If you're talking about things like items of treasure, then that's only standard, though that can also be taken too far. Unless the DM made a specific point of denying rope to the characters, then I don't require them to have "rope," or pretty much any other mundane item someone playing in good faith would suggest they have, on their character sheet.

If you're talking about "having" bits of information, well then I might not be sure quite what you mean or what the benefit of that policy would be.

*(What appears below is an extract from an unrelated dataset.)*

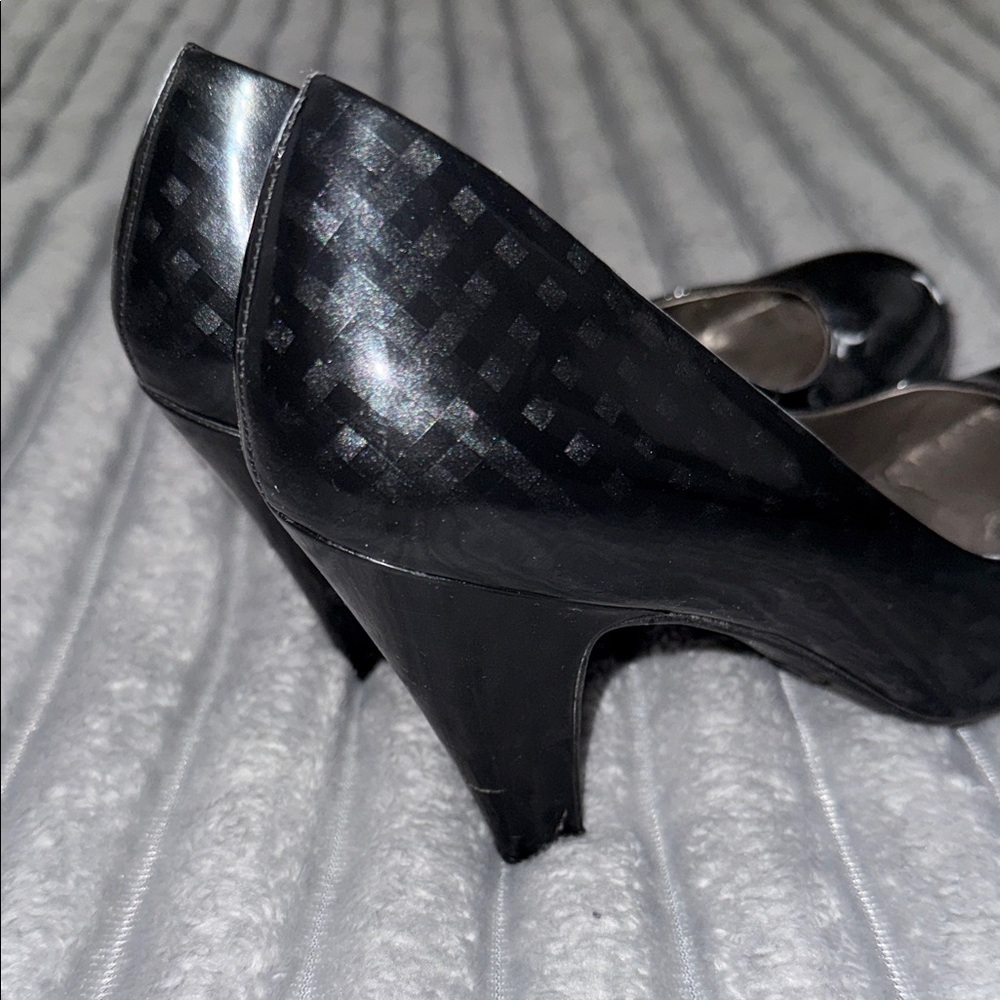 Candie's Glossy Black Heels - Picture 6 of 10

I mean all of it. Sometimes he might forget something or it might not be in his notes. He ran a long-running campaign with several groups and we'd corral him at various times to get him to run in all sorts of combinations. And we'd talk, so keeping player knowledge separate from character knowledge (especially when there were rival groups of players) was an issue. He was good about keeping track of information, but sometimes, someone would insist that they were told something in character and that didn't jive with his memory. Instead of using GM fiat to make a decision, he decided that we needed to chronicle our adventures and keep track of things. And if we used a piece of information that he didn't think we should know, we had to justify our characters having it. If not, we'd have to go with his memory.

To give an example, I distinctly remember that there was a situation that my character knew that they were walking into a set-up by another PC. I'd planned out the intelligence gathering and we'd played through it (we were in college, so we'd play at all times of the day and night, sometimes taking a break from studying to play some). He remembered the situation, but not that my character had received a critical piece of information. I hadn't noted it down. So it was ruled to be player knowledge, and my character had to walk into the situation flat-footed.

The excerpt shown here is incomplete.